EXTRACTED MATERIAL —
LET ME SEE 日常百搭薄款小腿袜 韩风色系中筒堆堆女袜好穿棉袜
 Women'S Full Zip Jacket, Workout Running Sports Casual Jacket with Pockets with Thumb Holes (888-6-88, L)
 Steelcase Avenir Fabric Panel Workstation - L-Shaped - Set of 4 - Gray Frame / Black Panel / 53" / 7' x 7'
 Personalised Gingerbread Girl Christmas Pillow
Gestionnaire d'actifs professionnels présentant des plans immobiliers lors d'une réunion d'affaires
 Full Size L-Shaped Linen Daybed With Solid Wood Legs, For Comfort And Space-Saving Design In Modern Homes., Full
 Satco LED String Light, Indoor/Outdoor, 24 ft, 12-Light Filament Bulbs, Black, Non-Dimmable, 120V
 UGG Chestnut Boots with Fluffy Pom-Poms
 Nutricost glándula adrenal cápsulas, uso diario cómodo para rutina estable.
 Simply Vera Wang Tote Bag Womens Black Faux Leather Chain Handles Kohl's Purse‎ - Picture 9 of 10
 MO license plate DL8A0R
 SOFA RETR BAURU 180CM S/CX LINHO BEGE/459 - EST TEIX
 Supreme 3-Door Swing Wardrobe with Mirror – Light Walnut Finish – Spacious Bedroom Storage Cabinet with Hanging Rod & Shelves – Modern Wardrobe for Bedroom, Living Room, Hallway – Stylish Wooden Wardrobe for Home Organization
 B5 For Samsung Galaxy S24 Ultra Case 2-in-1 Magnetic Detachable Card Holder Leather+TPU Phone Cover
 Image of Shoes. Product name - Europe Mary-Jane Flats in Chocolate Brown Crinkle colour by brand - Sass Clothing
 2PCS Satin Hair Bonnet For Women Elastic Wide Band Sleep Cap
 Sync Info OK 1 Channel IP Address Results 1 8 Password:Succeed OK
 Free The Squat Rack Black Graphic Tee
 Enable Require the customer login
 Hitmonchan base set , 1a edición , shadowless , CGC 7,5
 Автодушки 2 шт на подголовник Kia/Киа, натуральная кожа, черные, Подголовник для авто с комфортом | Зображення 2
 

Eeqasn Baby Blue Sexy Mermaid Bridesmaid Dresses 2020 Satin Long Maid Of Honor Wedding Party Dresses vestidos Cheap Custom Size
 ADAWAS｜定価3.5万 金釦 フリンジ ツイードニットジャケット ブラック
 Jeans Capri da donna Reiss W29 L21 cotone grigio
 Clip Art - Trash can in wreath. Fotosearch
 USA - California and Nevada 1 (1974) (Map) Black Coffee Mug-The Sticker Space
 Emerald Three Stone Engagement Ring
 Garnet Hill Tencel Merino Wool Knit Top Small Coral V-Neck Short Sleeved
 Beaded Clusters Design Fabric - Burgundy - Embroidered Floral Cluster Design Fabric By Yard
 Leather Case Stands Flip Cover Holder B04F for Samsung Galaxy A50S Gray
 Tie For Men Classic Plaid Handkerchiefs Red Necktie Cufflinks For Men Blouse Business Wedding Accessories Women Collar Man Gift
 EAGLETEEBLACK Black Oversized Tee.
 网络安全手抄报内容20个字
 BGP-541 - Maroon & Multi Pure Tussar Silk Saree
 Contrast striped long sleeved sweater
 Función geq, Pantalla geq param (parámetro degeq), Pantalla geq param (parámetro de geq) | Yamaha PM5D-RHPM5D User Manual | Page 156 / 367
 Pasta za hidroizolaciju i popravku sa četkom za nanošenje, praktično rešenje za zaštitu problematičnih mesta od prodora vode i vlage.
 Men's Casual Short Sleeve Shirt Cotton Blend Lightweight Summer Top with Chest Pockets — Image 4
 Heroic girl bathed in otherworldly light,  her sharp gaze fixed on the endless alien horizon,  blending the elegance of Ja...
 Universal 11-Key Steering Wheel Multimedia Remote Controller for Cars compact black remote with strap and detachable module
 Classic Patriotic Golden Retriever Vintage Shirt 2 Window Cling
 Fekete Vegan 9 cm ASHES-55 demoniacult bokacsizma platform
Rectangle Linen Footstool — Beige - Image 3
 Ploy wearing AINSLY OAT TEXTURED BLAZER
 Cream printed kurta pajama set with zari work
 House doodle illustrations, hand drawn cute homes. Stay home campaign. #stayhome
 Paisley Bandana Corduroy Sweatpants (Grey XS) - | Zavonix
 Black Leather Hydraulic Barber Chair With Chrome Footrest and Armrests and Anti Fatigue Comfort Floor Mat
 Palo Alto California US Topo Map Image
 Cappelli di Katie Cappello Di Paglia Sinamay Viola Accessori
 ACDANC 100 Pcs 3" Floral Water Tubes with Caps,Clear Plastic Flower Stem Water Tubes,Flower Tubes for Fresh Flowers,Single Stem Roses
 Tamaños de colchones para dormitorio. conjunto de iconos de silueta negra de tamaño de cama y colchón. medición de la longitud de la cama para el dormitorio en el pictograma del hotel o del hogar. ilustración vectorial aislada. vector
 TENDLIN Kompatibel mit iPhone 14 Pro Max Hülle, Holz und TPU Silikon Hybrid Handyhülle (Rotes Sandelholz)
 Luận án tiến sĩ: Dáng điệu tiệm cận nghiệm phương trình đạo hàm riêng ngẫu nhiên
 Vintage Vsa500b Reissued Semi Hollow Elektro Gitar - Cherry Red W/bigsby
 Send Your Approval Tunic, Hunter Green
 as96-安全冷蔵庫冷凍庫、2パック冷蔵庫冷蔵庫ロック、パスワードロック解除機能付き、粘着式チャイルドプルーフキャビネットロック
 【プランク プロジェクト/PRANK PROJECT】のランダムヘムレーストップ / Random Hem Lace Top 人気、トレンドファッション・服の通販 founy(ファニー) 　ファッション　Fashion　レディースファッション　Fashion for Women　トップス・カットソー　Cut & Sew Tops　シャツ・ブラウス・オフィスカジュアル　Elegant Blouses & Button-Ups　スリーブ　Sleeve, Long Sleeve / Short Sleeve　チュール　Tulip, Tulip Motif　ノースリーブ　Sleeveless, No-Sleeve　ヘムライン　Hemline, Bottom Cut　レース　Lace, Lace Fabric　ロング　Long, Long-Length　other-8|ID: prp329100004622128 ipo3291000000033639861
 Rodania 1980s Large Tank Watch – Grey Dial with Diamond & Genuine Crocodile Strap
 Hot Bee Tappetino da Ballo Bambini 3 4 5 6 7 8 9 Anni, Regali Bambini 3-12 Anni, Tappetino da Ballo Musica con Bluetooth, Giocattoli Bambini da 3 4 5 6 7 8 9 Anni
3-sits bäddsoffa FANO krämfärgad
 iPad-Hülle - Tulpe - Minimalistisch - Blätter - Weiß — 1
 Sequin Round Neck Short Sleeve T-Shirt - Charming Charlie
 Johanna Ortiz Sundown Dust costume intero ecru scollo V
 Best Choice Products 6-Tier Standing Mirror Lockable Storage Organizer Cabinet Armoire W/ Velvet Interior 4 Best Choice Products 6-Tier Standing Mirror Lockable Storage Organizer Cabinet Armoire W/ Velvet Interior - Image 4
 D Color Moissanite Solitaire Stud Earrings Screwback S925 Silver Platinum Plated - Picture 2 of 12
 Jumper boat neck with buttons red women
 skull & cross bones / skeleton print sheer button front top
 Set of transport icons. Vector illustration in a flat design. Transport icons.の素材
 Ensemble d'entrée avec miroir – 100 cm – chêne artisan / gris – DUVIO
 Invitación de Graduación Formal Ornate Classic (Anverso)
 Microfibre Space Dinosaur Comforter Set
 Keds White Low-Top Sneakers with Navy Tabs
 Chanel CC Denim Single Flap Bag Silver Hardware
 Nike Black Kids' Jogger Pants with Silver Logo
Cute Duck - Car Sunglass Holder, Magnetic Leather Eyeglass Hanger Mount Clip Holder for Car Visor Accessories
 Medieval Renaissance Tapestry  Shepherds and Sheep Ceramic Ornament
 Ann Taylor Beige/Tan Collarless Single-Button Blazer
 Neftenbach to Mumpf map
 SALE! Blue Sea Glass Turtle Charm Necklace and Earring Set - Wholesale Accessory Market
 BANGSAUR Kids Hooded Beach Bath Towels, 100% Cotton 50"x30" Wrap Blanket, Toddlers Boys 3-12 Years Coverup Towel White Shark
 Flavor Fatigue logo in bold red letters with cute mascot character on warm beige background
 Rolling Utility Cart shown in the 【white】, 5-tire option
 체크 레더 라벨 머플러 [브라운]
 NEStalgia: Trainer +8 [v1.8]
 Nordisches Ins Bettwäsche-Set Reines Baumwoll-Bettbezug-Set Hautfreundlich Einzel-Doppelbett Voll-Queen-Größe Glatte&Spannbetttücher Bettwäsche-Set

WHAT YOU ARE ASKED TO DO — Copy out only the lines above from the one with "BANGSAUR Kids Hooded" to the one with "체크 레더 라벨 머플러 [브라운]", inclusive, exactly as they stand.

WRITTEN REPLY —
 BANGSAUR Kids Hooded Beach Bath Towels, 100% Cotton 50"x30" Wrap Blanket, Toddlers Boys 3-12 Years Coverup Towel White Shark
 Flavor Fatigue logo in bold red letters with cute mascot character on warm beige background
 Rolling Utility Cart shown in the 【white】, 5-tire option
 체크 레더 라벨 머플러 [브라운]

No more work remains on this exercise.